# August 29,1944- museum in Slavicin, Czech Republic



## seesul (Oct 15, 2007)

Hi folks,

and here are the pics from another museum in our area. This Museum is dedicated to the Air battle over White Carpathian as well and is owned by the town of Slavicin. There´s also a DB605AS engine.
Enjoy the pics!


----------



## seesul (Oct 15, 2007)

I have a lot of pics from this museum but can´t find them actually. So at least these that I found...
btw- that older man in the pictures is that one mentioned in my siggy...


----------



## soalebm (Sep 16, 2008)

I'm sure you have read Loy Dickinson and Wiliam Tune's book about the mission. In the book he mentions the German losses for the battle. He says there was a German Ace killed that day. The plane crashed in a barn and the man was wearing a medal that denotes 36 kills. I've been trying to find out who this man is and maybe you know or the museum knows.
thanks, Brandon


----------



## Erich (Sep 16, 2008)

Roman next time I'm coming over to see your museum and this one.
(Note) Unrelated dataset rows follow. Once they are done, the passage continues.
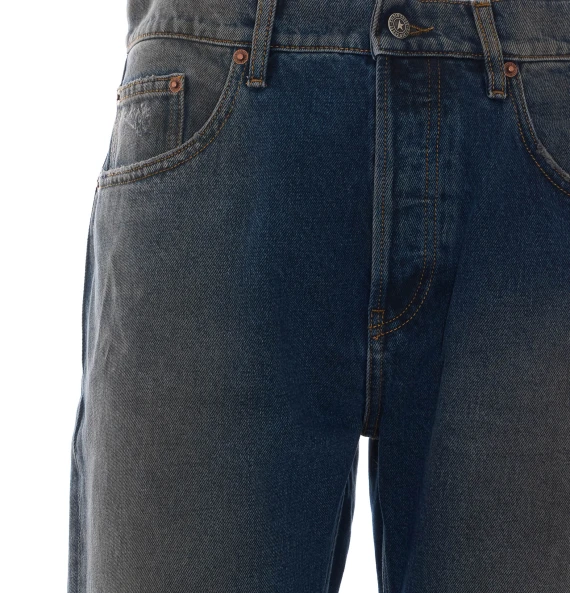 Jeans blu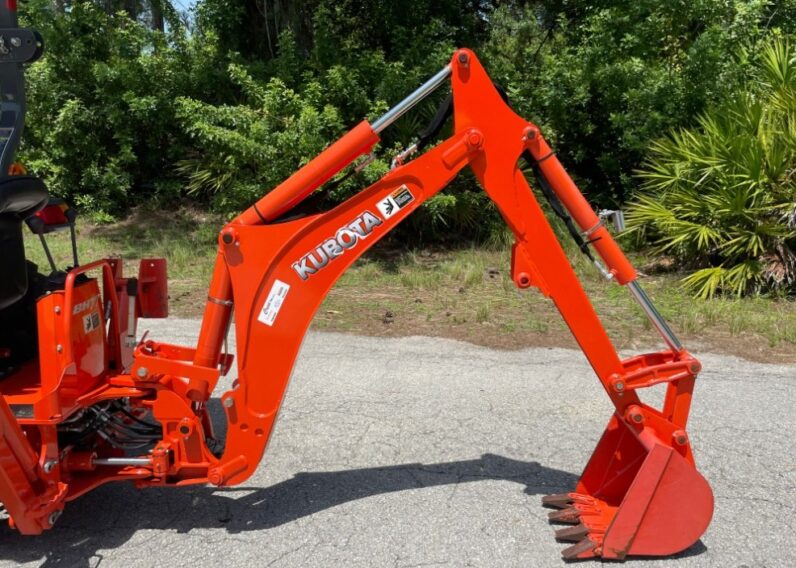 2018 Kubota L3901HST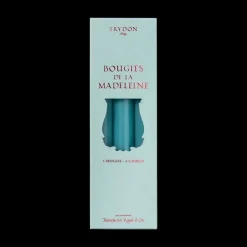 Madeleine Taper Candles, Set of 6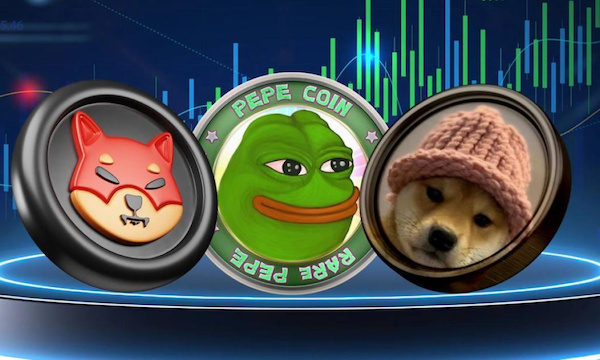 Почему за последние сутки растут мемкоины: PEPE прибавил 15% за 24 часа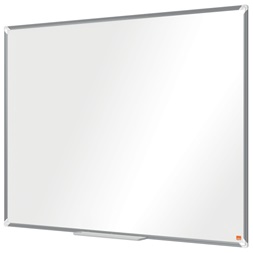 Nobo Premium Plus 120x90cm zománcozott mágneses fehértábla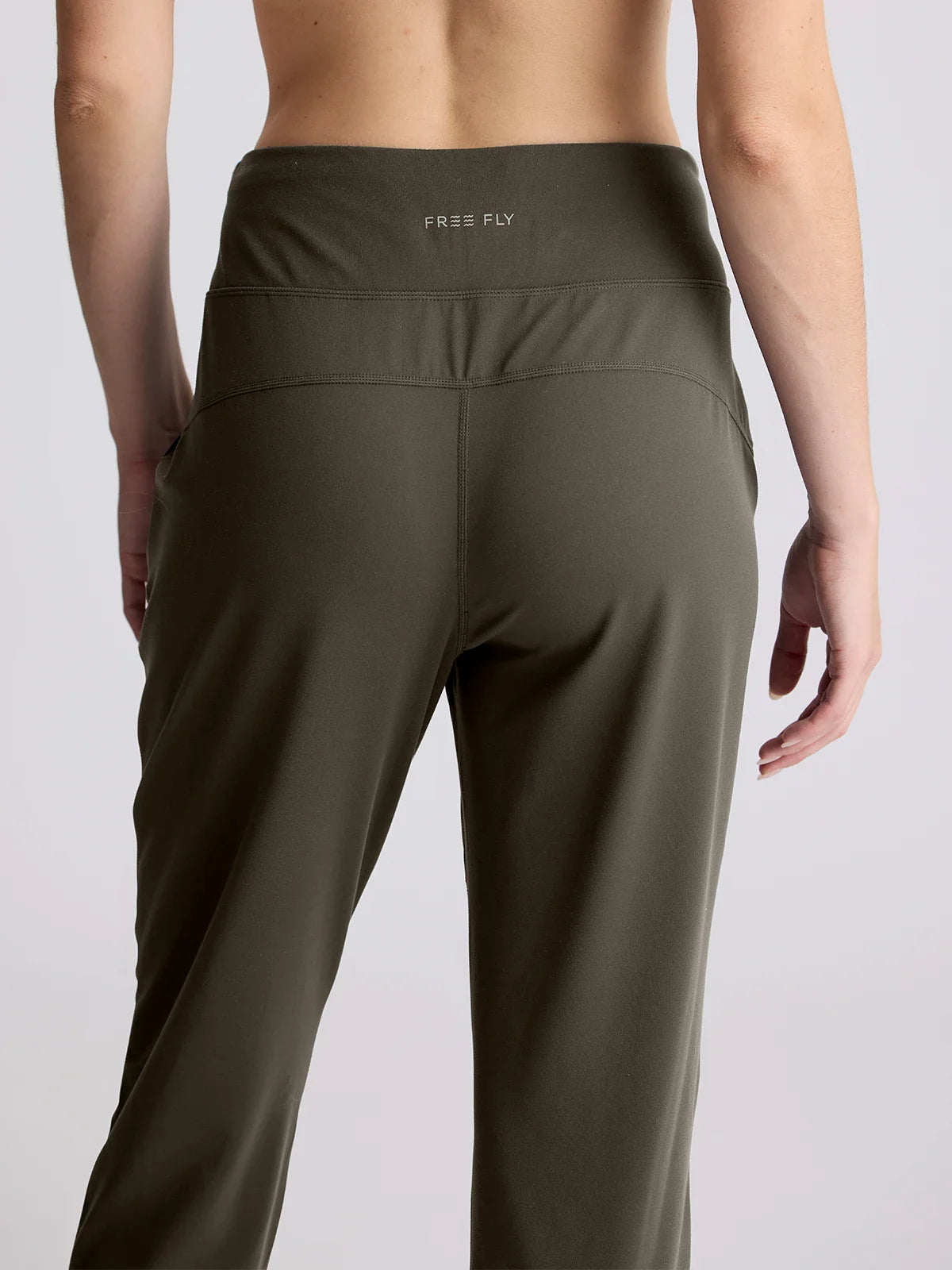 Free Fly Women's Highmile Jogger | Smokey Olive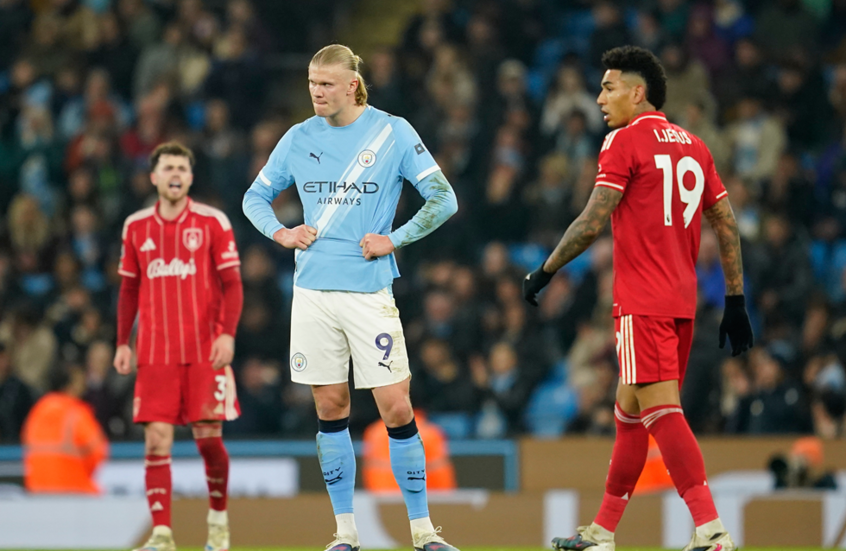 أرسنال يستغل تعثر مانشستر سيتي ويعزز صدارته للدوري الإنجليزي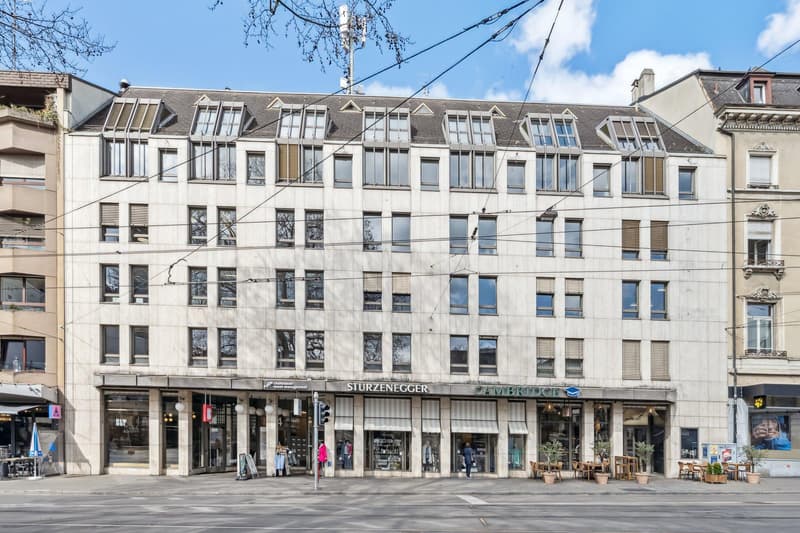 Bürofläche mit Charakter im Herzen von Basel (1)
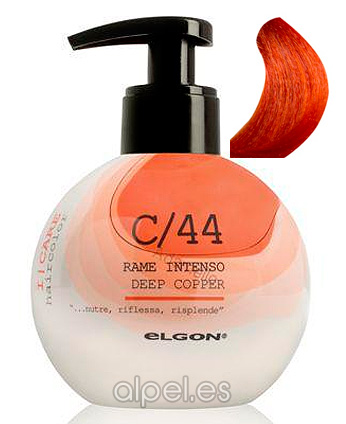 Comprar Elgon I-Care C-44 Cobre Intenso 200 ml online en la tienda Alpel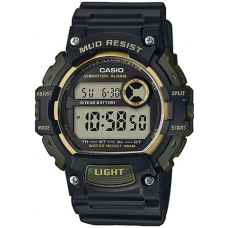 Часы CASIO TRT-110H-1A2VEF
Do you have the link to Jan Zdarsky's site ??

E ~


----------



## seesul (Sep 17, 2008)

soalebm said:


> I'm sure you have read Loy Dickinson and Wiliam Tune's book about the mission. In the book he mentions the German losses for the battle. He says there was a German Ace killed that day. The plane crashed in a barn and the man was wearing a medal that denotes 36 kills. I've been trying to find out who this man is and maybe you know or the museum knows.
> thanks, Brandon



Brandon, this info is based on Czech sources but it´s not true. This pilot bailed out and survived.


----------



## seesul (Sep 17, 2008)

Erich said:


> Roman next time I'm coming over to see your museum and this one. Do you have the link to Jan Zdarsky's site ??
> 
> E ~



I´m sure you´ll love these 2 museums we have.
Jan´s museum is here: Museum 11.9.1944 - Úvodní stránka


----------